PROVIDED DATA:
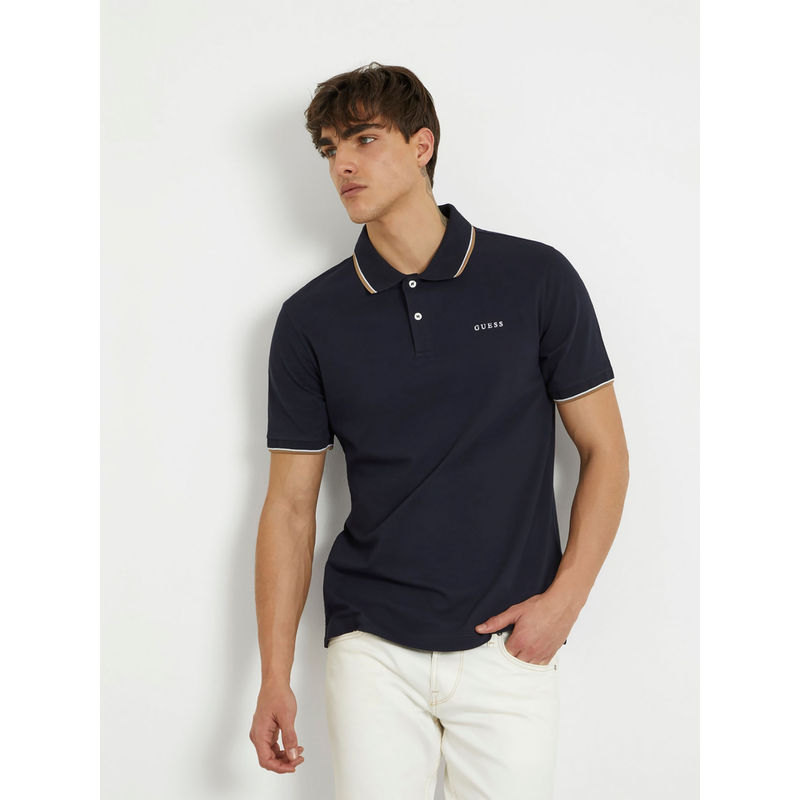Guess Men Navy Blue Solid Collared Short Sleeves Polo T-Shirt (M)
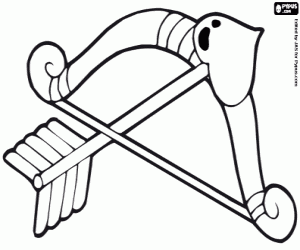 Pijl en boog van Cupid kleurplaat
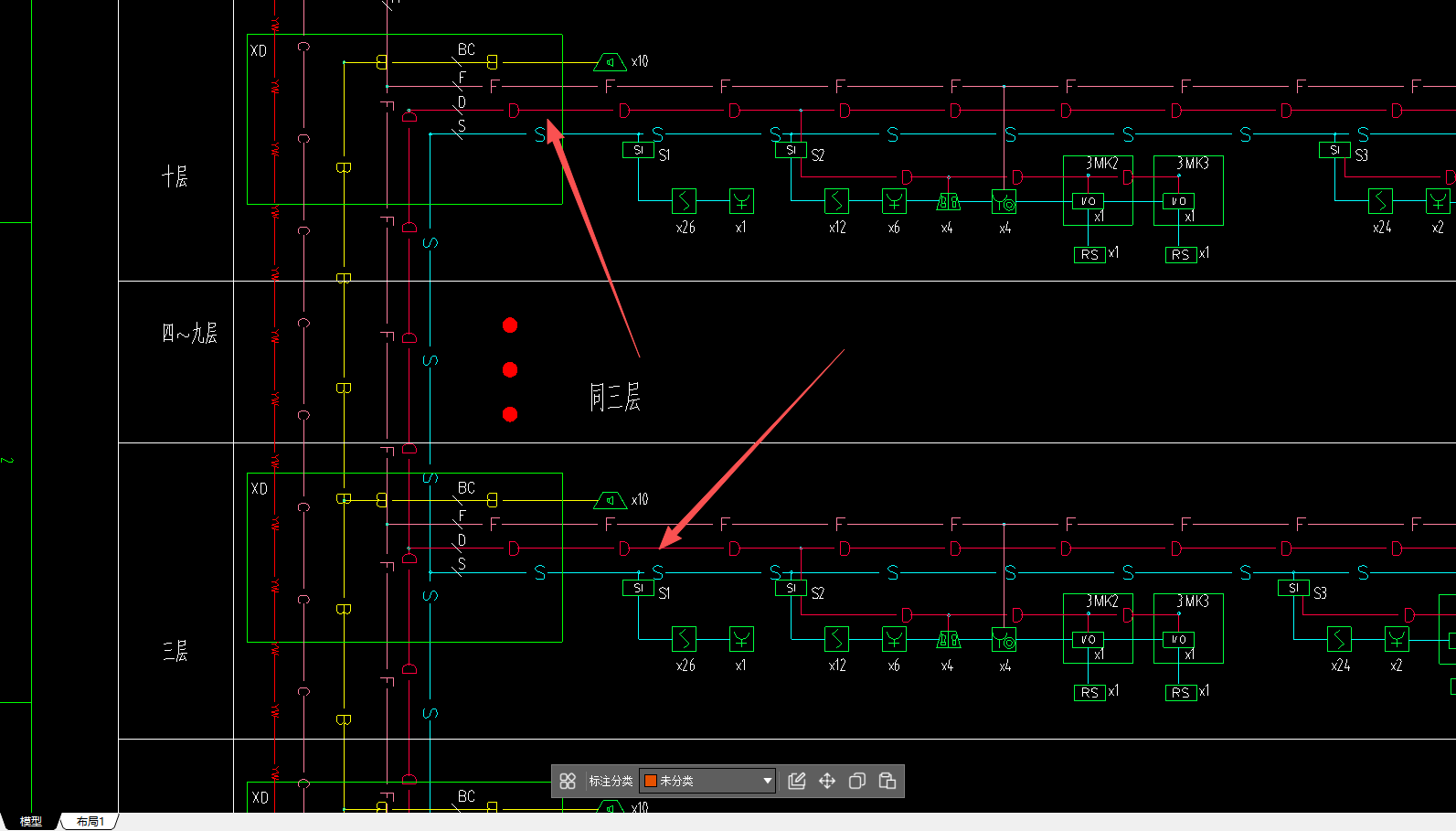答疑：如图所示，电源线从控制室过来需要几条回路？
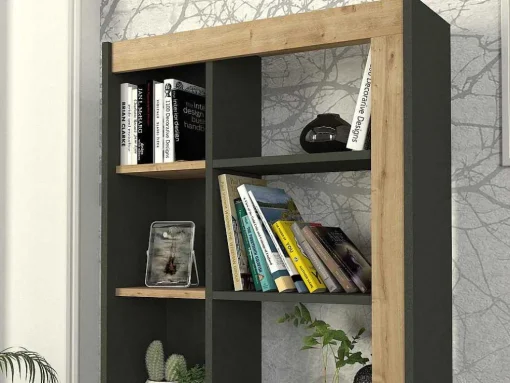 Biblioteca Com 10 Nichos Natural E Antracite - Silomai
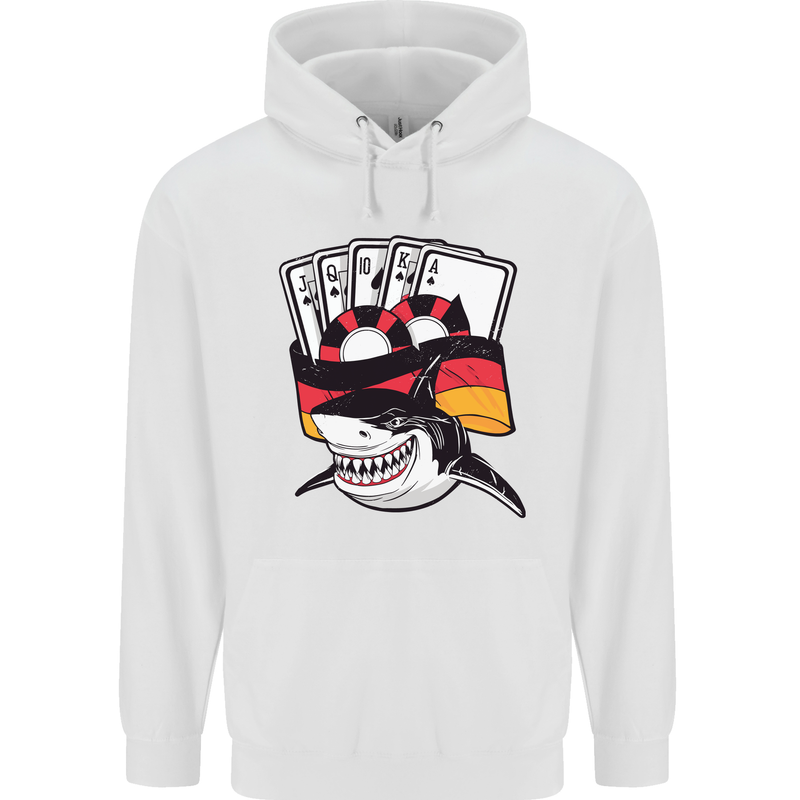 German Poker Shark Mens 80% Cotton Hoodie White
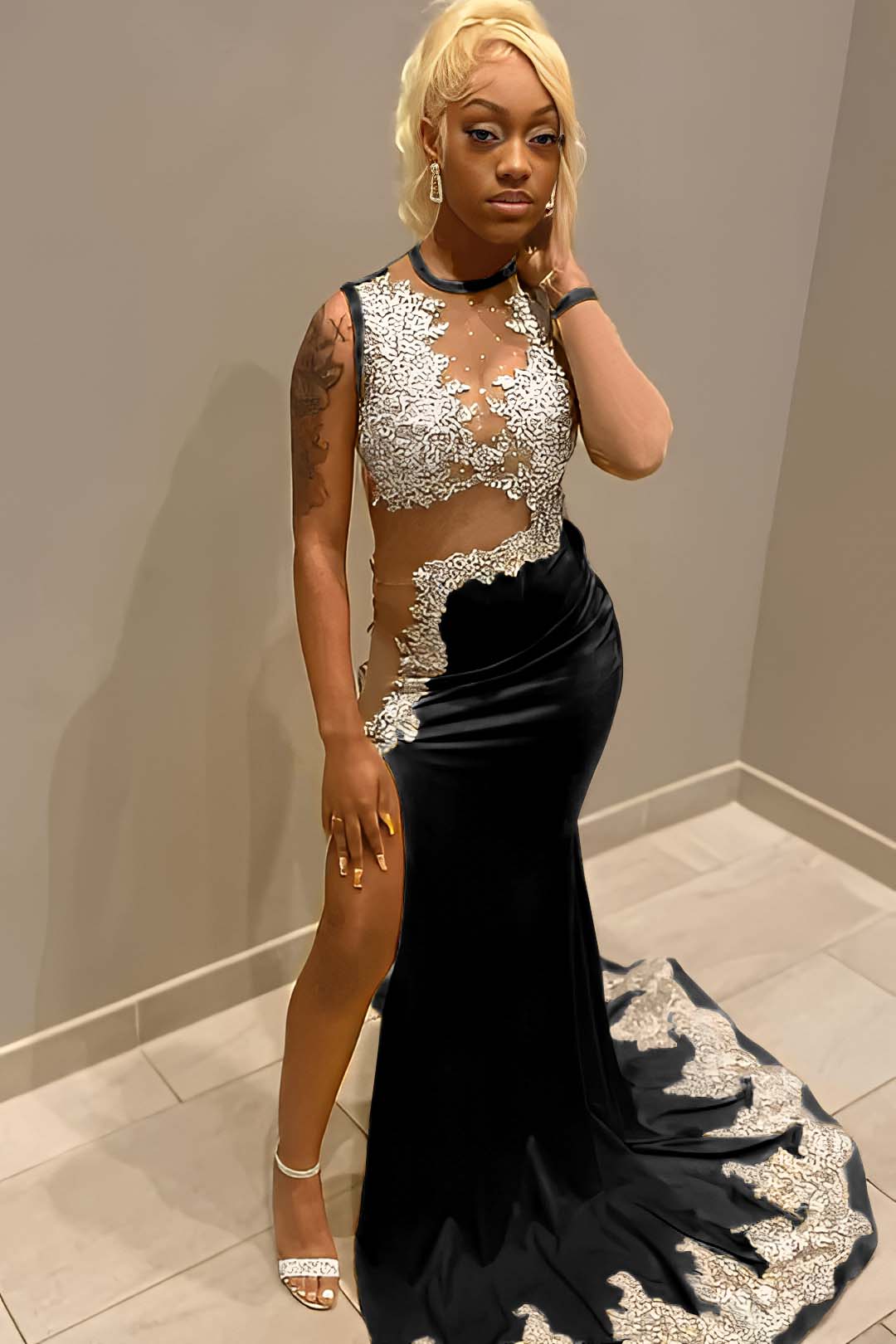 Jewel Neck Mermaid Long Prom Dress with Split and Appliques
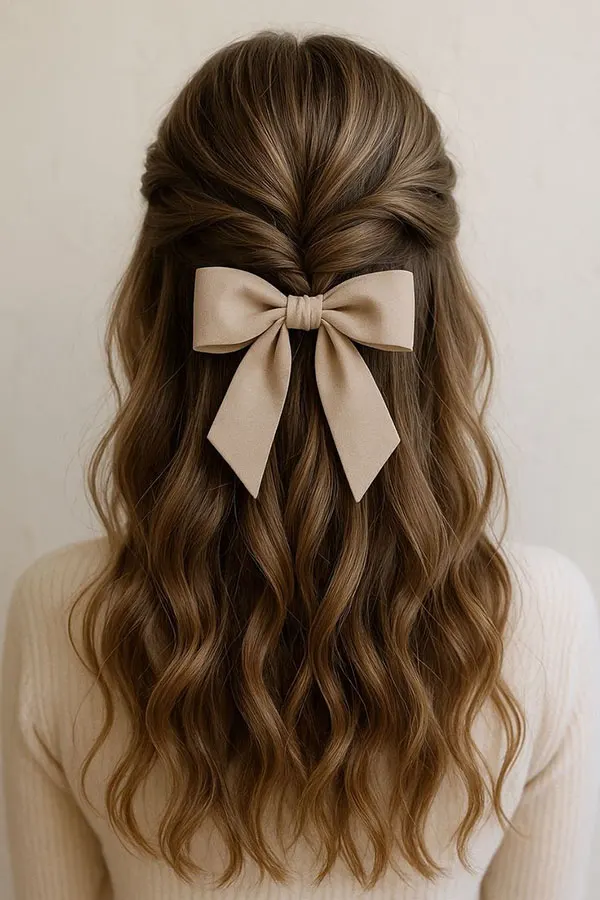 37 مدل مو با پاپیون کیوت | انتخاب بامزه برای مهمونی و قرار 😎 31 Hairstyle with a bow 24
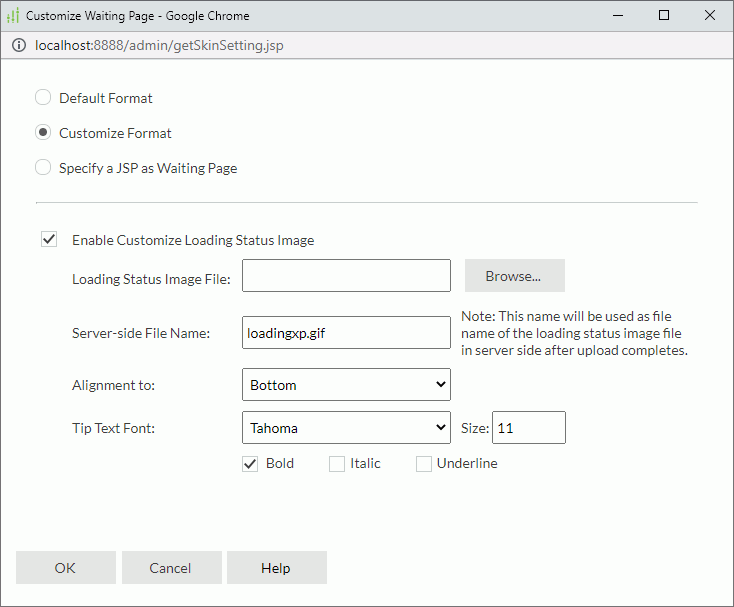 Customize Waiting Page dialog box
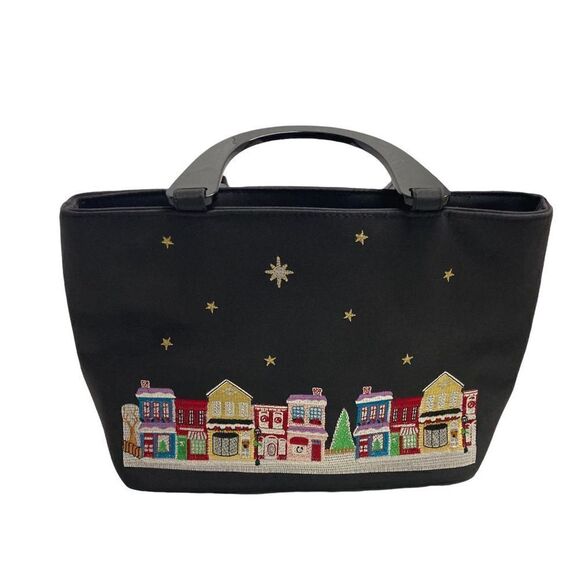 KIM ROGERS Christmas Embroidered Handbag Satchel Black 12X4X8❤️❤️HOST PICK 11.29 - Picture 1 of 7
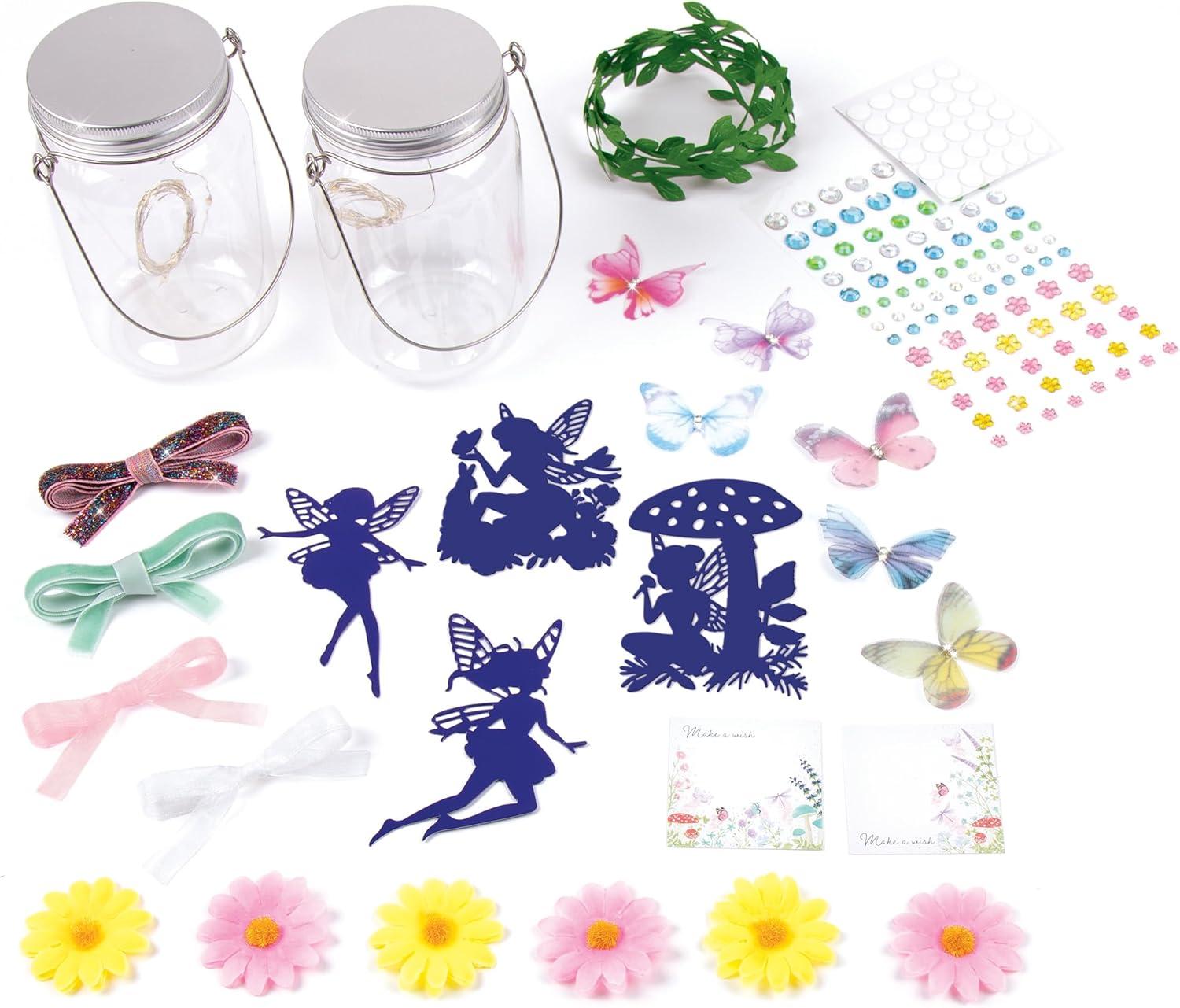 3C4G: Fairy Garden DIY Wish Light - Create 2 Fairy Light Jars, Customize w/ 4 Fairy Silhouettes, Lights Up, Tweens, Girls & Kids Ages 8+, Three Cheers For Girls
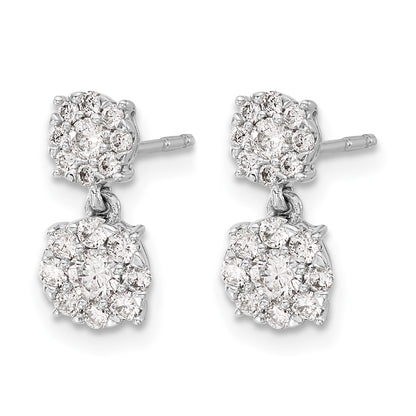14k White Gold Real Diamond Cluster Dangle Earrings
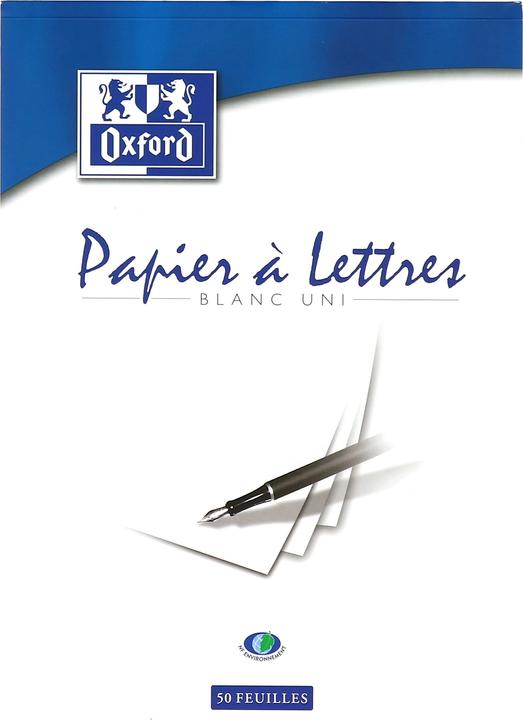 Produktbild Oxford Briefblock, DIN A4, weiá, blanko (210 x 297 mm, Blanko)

WHAT YOU SHOULD DO:
Reproduce all of the material exactly, apart from the pictures.

RESULT OF THIS TASK:
Guess Men Navy Blue Solid Collared Short Sleeves Polo T-Shirt (M)
 Pijl en boog van Cupid kleurplaat
答疑：如图所示，电源线从控制室过来需要几条回路？
 Biblioteca Com 10 Nichos Natural E Antracite - Silomai
 German Poker Shark Mens 80% Cotton Hoodie White
 Jewel Neck Mermaid Long Prom Dress with Split and Appliques
 37 مدل مو با پاپیون کیوت | انتخاب بامزه برای مهمونی و قرار 😎 31 Hairstyle with a bow 24
 Customize Waiting Page dialog box
 KIM ROGERS Christmas Embroidered Handbag Satchel Black 12X4X8❤️❤️HOST PICK 11.29 - Picture 1 of 7
 3C4G: Fairy Garden DIY Wish Light - Create 2 Fairy Light Jars, Customize w/ 4 Fairy Silhouettes, Lights Up, Tweens, Girls & Kids Ages 8+, Three Cheers For Girls
14k White Gold Real Diamond Cluster Dangle Earrings
 Produktbild Oxford Briefblock, DIN A4, weiá, blanko (210 x 297 mm, Blanko)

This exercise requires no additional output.